Wednesday, May 22, 2013

The Weekly Screed (#628)

Presidential cycle enters
its “Scandalgate” phase

by David Benjamin

PARIS — The contemporary American presidency is a complete waste of time 93 percent of the time. This is because, dating back to Franklin D. Roosevelt, some genius in the U.S. punditocracy decided that the first 100 days of any presidential term are his (or her) only chance to accomplish a damn thing.


Barack Obama’s 200 days of honeymoon time were used up last month. According to the Gospel of conventional wisdom, his work is finished and we — the American people — are done with him. Rip the poster off the wall.
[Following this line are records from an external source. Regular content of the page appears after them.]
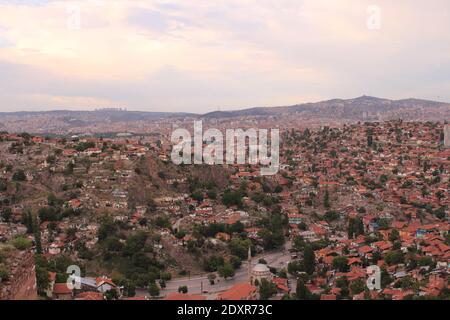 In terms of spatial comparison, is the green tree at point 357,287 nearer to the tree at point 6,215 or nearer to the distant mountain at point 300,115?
the tree at point 6,215

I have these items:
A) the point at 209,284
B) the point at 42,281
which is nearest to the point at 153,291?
the point at 209,284

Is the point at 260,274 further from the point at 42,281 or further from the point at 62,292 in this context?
the point at 42,281

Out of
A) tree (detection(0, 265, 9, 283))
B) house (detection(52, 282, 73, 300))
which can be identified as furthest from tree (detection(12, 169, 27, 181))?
tree (detection(0, 265, 9, 283))

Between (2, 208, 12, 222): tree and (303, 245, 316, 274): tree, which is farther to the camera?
(2, 208, 12, 222): tree

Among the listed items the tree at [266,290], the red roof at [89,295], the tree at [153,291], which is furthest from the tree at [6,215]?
the tree at [266,290]

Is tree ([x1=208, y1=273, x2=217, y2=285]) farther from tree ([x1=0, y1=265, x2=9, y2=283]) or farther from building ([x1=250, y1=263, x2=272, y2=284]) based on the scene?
tree ([x1=0, y1=265, x2=9, y2=283])

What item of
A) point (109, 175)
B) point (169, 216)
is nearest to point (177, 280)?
point (169, 216)

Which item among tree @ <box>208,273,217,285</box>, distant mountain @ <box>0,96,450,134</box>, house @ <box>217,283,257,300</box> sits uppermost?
distant mountain @ <box>0,96,450,134</box> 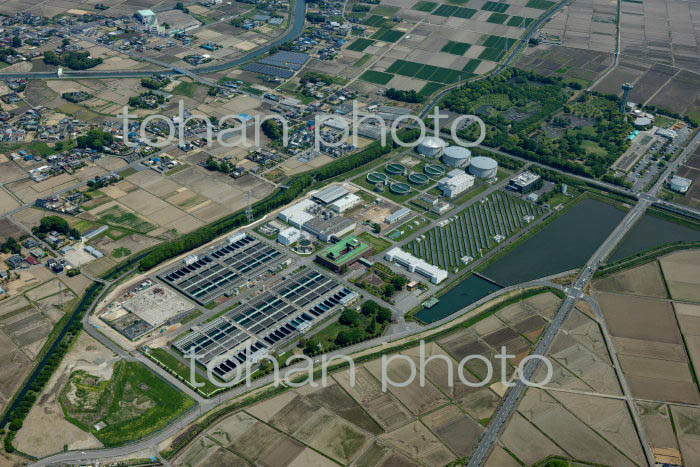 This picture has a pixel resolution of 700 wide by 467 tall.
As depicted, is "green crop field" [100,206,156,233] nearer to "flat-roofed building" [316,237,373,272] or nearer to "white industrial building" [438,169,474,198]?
"flat-roofed building" [316,237,373,272]

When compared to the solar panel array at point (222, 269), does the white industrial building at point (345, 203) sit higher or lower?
higher

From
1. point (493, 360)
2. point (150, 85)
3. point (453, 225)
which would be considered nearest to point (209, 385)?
point (493, 360)

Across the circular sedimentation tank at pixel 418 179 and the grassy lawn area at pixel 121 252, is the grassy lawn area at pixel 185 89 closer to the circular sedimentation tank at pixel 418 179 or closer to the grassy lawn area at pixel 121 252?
the circular sedimentation tank at pixel 418 179

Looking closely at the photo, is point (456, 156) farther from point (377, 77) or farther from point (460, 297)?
point (377, 77)

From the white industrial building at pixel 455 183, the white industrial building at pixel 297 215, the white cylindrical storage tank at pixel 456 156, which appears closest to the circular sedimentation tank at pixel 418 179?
the white industrial building at pixel 455 183

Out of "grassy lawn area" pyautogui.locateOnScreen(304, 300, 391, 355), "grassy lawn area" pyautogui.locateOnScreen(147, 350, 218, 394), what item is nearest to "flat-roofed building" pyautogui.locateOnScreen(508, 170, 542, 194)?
"grassy lawn area" pyautogui.locateOnScreen(304, 300, 391, 355)

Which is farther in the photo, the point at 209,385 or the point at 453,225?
the point at 453,225

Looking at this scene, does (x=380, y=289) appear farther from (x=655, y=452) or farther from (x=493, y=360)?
(x=655, y=452) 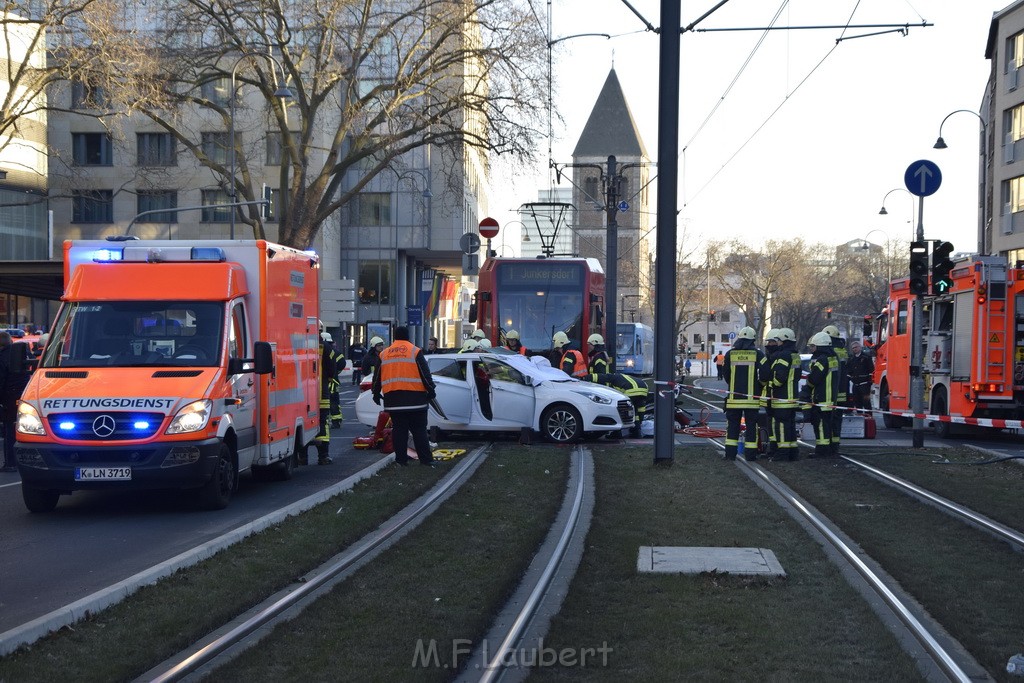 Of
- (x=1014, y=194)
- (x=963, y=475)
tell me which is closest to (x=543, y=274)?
(x=963, y=475)

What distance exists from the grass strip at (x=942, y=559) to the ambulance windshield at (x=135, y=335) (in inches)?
250

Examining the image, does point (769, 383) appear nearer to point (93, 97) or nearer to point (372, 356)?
point (372, 356)

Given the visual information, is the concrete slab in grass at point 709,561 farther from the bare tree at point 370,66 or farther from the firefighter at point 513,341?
the bare tree at point 370,66

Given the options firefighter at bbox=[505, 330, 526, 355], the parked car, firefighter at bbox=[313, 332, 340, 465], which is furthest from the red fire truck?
firefighter at bbox=[313, 332, 340, 465]

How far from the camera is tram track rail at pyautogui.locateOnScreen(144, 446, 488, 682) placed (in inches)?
245

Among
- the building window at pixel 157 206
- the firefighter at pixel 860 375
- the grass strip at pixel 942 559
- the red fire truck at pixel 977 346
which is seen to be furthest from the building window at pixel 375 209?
the grass strip at pixel 942 559

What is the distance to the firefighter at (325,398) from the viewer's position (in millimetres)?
17484

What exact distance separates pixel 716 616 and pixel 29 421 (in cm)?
708

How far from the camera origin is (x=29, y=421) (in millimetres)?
11523

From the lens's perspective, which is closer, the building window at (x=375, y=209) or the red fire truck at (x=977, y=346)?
the red fire truck at (x=977, y=346)

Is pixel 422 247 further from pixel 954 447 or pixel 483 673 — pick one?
pixel 483 673

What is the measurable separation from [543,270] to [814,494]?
45.0 feet

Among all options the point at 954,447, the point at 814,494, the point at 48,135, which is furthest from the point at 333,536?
the point at 48,135

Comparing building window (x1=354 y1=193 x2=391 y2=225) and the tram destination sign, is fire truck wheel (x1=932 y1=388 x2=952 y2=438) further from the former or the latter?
building window (x1=354 y1=193 x2=391 y2=225) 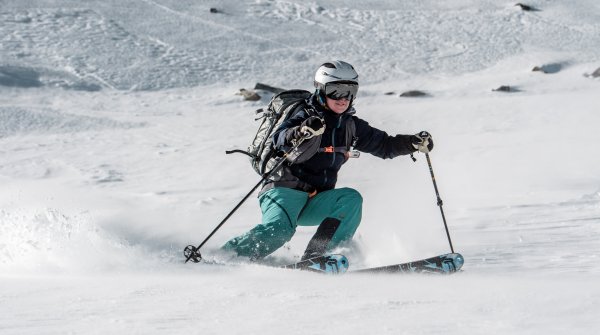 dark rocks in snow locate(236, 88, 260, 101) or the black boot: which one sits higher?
the black boot

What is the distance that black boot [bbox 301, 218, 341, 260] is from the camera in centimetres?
562

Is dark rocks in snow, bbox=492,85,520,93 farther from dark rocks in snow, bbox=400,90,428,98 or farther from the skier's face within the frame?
the skier's face

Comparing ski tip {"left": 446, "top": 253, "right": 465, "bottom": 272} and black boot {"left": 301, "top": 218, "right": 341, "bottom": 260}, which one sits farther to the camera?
black boot {"left": 301, "top": 218, "right": 341, "bottom": 260}

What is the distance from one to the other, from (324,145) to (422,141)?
30.5 inches

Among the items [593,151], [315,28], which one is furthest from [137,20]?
[593,151]

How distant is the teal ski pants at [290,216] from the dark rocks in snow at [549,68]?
1488 centimetres

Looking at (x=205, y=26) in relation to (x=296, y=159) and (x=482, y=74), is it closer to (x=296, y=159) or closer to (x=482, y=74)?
(x=482, y=74)

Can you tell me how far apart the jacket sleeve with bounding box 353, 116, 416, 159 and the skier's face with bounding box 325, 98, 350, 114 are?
30 cm

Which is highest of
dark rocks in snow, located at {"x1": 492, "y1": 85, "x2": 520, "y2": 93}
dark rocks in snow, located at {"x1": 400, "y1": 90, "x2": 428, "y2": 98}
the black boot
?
the black boot

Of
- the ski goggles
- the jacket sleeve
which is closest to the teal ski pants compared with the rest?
the jacket sleeve

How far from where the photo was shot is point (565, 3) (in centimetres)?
2597

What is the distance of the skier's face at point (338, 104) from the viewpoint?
579cm

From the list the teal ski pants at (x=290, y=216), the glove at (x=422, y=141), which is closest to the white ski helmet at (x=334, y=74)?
the glove at (x=422, y=141)

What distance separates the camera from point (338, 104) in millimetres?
5801
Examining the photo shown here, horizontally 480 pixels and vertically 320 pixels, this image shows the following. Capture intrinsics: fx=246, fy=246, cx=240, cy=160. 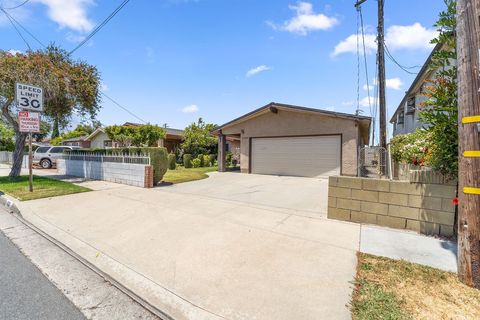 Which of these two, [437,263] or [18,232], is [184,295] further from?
[18,232]

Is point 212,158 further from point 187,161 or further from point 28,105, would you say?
point 28,105

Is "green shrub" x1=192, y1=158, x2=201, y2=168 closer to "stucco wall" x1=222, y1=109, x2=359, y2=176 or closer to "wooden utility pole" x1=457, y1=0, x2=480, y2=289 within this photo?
"stucco wall" x1=222, y1=109, x2=359, y2=176

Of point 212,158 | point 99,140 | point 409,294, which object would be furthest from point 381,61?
point 99,140

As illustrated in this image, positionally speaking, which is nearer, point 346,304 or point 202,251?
point 346,304

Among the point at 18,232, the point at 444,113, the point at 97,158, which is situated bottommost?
the point at 18,232

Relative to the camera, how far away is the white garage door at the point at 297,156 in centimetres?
1233

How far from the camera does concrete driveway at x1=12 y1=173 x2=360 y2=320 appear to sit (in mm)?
2443

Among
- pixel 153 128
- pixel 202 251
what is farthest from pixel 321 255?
pixel 153 128

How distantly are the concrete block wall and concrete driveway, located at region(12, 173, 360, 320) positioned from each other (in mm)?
2310

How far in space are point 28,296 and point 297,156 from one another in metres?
12.1

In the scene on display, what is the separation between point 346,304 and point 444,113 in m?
3.06

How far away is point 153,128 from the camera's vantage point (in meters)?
18.8

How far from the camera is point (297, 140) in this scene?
13.4m

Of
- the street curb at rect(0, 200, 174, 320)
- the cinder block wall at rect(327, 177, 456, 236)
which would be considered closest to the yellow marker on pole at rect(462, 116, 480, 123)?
the cinder block wall at rect(327, 177, 456, 236) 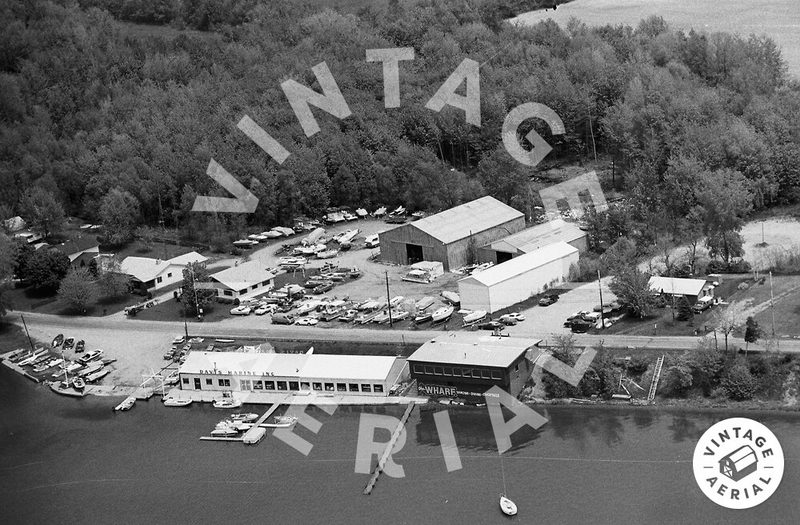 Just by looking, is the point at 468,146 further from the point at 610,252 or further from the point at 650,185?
the point at 610,252

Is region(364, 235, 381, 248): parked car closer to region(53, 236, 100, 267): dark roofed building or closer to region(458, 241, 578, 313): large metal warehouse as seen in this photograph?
region(458, 241, 578, 313): large metal warehouse

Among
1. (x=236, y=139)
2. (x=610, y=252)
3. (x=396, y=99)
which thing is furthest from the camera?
(x=396, y=99)

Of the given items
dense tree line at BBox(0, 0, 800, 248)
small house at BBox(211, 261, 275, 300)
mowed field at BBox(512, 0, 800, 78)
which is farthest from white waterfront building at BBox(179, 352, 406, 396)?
mowed field at BBox(512, 0, 800, 78)

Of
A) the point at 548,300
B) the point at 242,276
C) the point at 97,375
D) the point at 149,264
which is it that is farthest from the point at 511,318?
the point at 149,264

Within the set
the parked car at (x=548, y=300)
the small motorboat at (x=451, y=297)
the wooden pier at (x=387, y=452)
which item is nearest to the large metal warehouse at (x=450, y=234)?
the small motorboat at (x=451, y=297)

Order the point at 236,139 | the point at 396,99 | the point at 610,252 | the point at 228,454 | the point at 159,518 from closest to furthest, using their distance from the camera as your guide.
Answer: the point at 159,518, the point at 228,454, the point at 610,252, the point at 236,139, the point at 396,99

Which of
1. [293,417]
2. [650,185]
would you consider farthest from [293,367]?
[650,185] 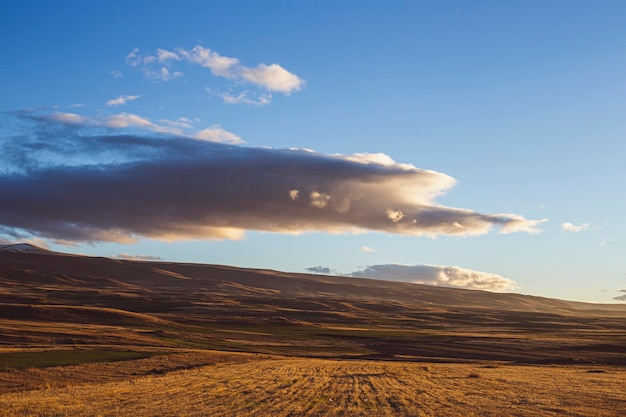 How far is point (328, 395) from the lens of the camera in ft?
125

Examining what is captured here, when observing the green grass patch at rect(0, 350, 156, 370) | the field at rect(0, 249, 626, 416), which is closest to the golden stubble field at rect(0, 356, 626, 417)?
the field at rect(0, 249, 626, 416)

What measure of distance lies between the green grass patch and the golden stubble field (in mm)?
8949

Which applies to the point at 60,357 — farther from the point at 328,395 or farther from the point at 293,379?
the point at 328,395

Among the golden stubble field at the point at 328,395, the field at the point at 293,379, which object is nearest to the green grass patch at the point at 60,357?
the field at the point at 293,379

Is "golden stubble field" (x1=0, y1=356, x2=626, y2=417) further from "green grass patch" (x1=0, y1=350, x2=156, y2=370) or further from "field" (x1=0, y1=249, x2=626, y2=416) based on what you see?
"green grass patch" (x1=0, y1=350, x2=156, y2=370)

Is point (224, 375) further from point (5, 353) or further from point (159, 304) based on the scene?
point (159, 304)

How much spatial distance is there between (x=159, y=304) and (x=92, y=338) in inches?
4710

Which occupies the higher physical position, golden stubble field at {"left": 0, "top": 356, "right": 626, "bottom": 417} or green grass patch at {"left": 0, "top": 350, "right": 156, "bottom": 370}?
golden stubble field at {"left": 0, "top": 356, "right": 626, "bottom": 417}

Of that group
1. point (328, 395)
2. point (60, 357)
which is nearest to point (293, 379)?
point (328, 395)

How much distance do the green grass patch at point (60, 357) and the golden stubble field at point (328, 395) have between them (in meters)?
8.95

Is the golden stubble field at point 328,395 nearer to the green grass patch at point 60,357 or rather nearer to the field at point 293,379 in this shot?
the field at point 293,379

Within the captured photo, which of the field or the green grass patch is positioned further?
the green grass patch

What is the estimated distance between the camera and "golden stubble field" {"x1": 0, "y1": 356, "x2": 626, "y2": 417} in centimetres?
3092

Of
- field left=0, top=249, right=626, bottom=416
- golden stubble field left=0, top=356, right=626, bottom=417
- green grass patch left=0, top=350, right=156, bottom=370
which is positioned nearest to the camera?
golden stubble field left=0, top=356, right=626, bottom=417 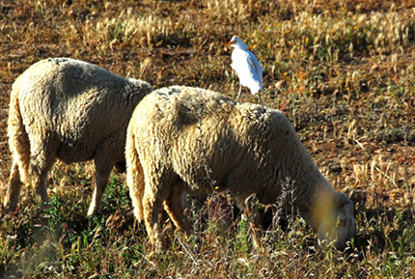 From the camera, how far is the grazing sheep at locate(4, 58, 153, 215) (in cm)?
614

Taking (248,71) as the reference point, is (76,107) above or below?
above

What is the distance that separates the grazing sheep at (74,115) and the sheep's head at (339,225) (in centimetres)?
222

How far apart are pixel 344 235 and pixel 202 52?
5914 millimetres

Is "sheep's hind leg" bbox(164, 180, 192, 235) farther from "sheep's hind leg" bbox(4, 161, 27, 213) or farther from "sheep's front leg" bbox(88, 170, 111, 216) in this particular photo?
"sheep's hind leg" bbox(4, 161, 27, 213)

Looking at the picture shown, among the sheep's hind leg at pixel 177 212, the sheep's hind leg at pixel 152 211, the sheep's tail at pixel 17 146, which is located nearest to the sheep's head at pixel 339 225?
the sheep's hind leg at pixel 177 212

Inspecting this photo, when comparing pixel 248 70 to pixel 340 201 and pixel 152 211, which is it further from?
pixel 152 211

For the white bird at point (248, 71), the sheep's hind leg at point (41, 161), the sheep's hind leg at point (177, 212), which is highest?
the white bird at point (248, 71)

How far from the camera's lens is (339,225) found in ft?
18.0

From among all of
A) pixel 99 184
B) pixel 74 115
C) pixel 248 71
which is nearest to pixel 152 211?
pixel 99 184

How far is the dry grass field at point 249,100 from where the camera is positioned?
4965 millimetres

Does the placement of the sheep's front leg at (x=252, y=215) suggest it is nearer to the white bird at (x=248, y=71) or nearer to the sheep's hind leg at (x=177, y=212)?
the sheep's hind leg at (x=177, y=212)

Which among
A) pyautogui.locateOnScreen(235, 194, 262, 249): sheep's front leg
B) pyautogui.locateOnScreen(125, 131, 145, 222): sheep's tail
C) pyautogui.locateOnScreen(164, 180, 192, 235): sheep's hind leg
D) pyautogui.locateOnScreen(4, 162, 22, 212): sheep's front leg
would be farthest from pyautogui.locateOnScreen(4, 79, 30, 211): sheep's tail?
pyautogui.locateOnScreen(235, 194, 262, 249): sheep's front leg

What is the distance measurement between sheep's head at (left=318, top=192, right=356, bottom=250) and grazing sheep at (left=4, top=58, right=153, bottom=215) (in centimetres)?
222

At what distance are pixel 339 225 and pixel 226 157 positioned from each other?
4.05 ft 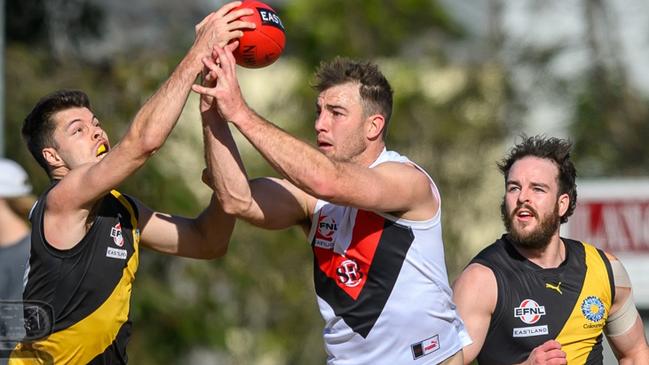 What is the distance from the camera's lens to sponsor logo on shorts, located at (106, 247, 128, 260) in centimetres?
659

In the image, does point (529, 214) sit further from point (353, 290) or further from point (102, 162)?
point (102, 162)

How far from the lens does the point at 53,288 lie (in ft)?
21.3

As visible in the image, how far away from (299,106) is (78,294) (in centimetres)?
1310

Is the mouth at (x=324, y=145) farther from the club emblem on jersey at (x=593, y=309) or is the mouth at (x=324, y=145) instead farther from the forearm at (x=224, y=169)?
the club emblem on jersey at (x=593, y=309)

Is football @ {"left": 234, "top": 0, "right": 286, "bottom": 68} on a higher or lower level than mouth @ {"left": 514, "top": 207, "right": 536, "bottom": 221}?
higher

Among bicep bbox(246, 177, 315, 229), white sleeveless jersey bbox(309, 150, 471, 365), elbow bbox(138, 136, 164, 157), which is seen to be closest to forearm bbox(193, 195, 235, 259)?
bicep bbox(246, 177, 315, 229)

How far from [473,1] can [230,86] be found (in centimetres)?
1989

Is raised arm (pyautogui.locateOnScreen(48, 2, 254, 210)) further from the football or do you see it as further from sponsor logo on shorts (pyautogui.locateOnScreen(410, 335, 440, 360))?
sponsor logo on shorts (pyautogui.locateOnScreen(410, 335, 440, 360))

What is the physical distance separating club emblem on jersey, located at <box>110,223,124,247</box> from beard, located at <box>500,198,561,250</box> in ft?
7.35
The end of Obama’s second 100 days launches the “Scandalgate phase” of his presidency. Suddenly, names like Lois Lerner and Susan Rice are popping up on everyone’s “Most Wanted” list and a damage-control artist named Dan Pfeiffer is doing the full Ginsburg on Sunday morning TV. We’re all looking at a 44-month national nightmare that won’t end ‘til Hillary Clinton’s inauguration in 2017.

Dating back to the Sixties, this has been a recurring nightmare. An eruption of scandals — both real and fanciful — has haunted every presidential second term since LBJ. We’re like a shell-shocked Marine remembering, again and again, the booby-trap in Vietnam that killed Charlie, his basic-training bunkmate.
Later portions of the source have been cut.